Cluster Sonnet + Poem Compendium

News from Brooklyn: Hoyas beat top-20 UCLA Bruins, advancing to the championship game of the non-tournament Legends Classic tournament. Which means we play currently-AP #1 Indiana Hoosiers tonight at 10:00 pm!

…Rooting through a few old things, I found a sonnet from last year’s parish-clustering negotiations. I think the loopy pastor may have written it:

How do I love the cluster? Let me count
the ways, like Will Shakespeare of old would do.
The first: a five-speed, four-wheel steed to mount
and burn the road between the parishes two.

The second? These two fine towns to explore:
Both Piedmont villes, of character diverse.
In one, lake and farm folk both shop the stores.
The other is the NASCAR hero’s nurse.

Throughout the rolling counties, I descry
fertile fields for the sewing of the seed,
and a band of eager discipulae,
attentive to our Church’s every need.

O Lord, how great You are in every act!
May we, like You, great many souls attract.

Which reminds me that a few ridiculous poems have appeared here. I herewith collect links for your possible amusement.

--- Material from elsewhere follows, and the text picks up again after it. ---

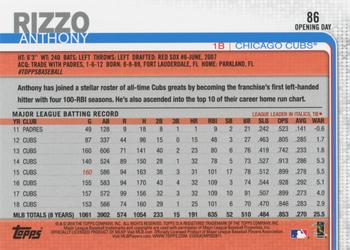 2019 Topps Opening Day #86 Anthony Rizzo Back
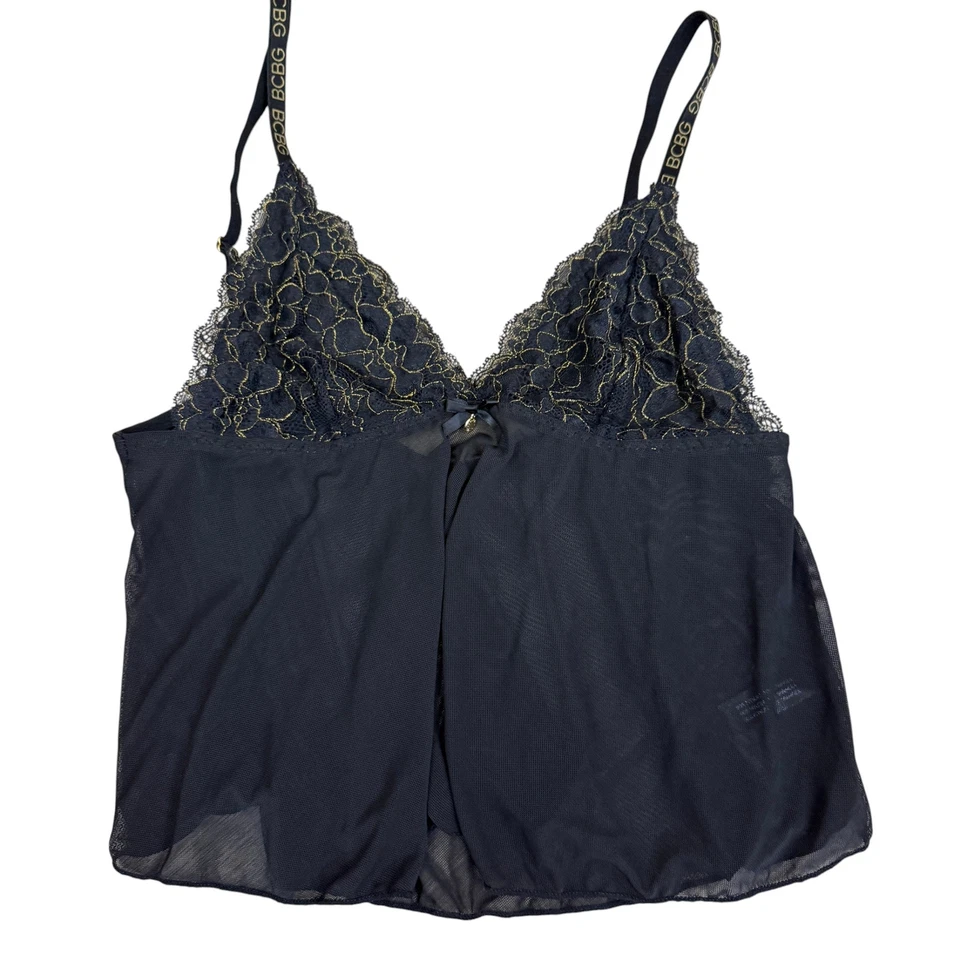 BCBG Black & Gold Nylon & Lace Cami Size Large - Image 1 of 3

G’town Hoyas 08-09-season Sonnet

Woes, Rues, Lamentations

Summertime 42

Assumption Day on the beach

Jennifer Ehle’s Voice

Behind McAfee’s Knob (scroll down)*

Eggs

On the Silver Surf

For St. John Vianney

For Pope St. John Paul II

Dog Decembers (for a warm Christmas)

Three Silences (Holy Saturday)

___________________________
*I defy anyone to come up with a location on earth where a person can take in a more magnificent vista than can be taken in on McAfee Knob, in Roanoke County, Va. Perhaps other prospects equal it. Perhaps. P.S. FYI: More miles of the Appalachian Trail in the state of Virginia than in any other state! More than 500. No other state comes close.

Hopkins Rain

The welcome rain this morning brought to mind this venerable Gerard Manley Hopkins sonnet on Jeremiah 12:

Thou art indeed just, Lord, if I contend
With thee; but, sir, so what I plead is just.
Why do sinners’ ways prosper? and why must
Disappointment all I endeavour end?
Wert thou my enemy, O thou my friend,
How wouldst thou worse, I wonder, than thou dost
Defeat, thwart me? Oh, the sots and thralls of lust
Do in spare hours more thrive than I that spend,
Sir, life upon thy cause. See, banks and brakes
Now leavèd how thick! lacèd they are again
With fretty chervil, look, and fresh wind shakes
Them; birds build—but not I build; no, but strain,
Time’s eunuch, and not breed one work that wakes.
Mine, O thou lord of life, send my roots rain.

And, speaking of us eunuchs of time, Hopkins can out-do Hamlet when it comes to identifying the quintessences of dust:

Man–we, scaffold of score brittle bones, whose breath is our memento mori.

Death awaits us all, dear friends. Have a great week!

On first looking into Kleist’s gospels

Apparently, reading Chapman’s translation of Homer can cause euphoria.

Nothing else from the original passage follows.